Data items
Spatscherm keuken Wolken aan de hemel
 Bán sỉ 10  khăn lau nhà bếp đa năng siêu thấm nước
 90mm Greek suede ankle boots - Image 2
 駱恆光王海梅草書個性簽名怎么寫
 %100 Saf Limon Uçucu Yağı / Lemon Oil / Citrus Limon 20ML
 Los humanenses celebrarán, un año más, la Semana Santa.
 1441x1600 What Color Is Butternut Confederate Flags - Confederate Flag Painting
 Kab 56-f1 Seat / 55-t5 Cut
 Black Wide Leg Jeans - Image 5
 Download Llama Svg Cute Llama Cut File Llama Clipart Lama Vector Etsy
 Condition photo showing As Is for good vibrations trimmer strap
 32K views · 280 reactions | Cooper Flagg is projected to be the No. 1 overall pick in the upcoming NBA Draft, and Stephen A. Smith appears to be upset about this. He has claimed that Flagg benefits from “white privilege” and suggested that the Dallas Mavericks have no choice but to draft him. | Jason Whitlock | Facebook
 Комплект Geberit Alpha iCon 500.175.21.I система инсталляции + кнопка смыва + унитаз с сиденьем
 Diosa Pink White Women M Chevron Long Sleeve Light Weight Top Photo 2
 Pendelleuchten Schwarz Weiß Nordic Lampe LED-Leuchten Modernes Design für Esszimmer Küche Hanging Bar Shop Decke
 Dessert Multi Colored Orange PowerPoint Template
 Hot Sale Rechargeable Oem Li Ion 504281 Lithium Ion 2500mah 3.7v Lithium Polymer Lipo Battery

- Work item -
In the entries above, find each line with the word "Image" and return it.

- Output for this exercise -
 90mm Greek suede ankle boots - Image 2
 Black Wide Leg Jeans - Image 5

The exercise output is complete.